What is your name? What is the name of your show?
I’m Rebar, and it’s the Solid Mud Show – Friday nights, 6-9.
Describe your show. What is the format of your show?
First and foremost, it’s about the music. I like deep, underground, loud, garage… typically. One of the best compliments someone could give me is, “Wow I really liked your show, and I didn’t know a single song on it.”
It does have a bit of duality to it, because you guys gave me a microphone and I decided I was going to use it. The show certainly has evolved and is continuing to evolve. It has a radio theater element, sort of in the tradition of Prairie Home Companion or Saturday Night Live – a lot of political satire. I want to give a big shout-out to Mick, co-collaborator for a lot of the skits, who plays a lot of the different characters and sort of enters in and out of the solid mud.
What drew you to participate in KMRD?
One of the regrets I’ve carried throughout my life is that I did not get involved in my college radio station, then lo and behold along comes KMRD and I get to make amends. It’s not often we get to do that in our lives. I’m very thankful.
What’s the appeal of doing a radio show? How does it fit into the rest of your life? What difference has being a DJ made in your life?
It’s become my artwork; it’s sort of taken over my life. My wife has coined the term “radio widow.” It’s an addiction.
I wanted to make sure I gave a shout-out to all the other DJs involved. I’m really impressed with the quality of program that we have here. “Community radio” – you hear that and sometimes you might cringe a little bit – those moments are few and far between. It’s really impressive: the quality and diversity.

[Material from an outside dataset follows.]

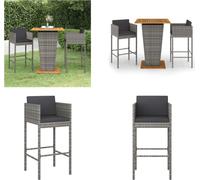 vidaXL Set de bar de jardin 3 pièces avec coussins Poly Rotin Gris - Set de bar de jardin - Ensemble de bar de jardin - Ensemble de salle à manger de jardin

What are your hopes for your show?
I just hope people like it, but that’s not even really the point. The point is, I like it. I hope that it makes people smile when they hear some music that they really like, and they never would have heard otherwise.
What are your hopes for the station?
That we just can continue – I know that community radio is difficult financially, and I hope that we can continue as a functioning community asset.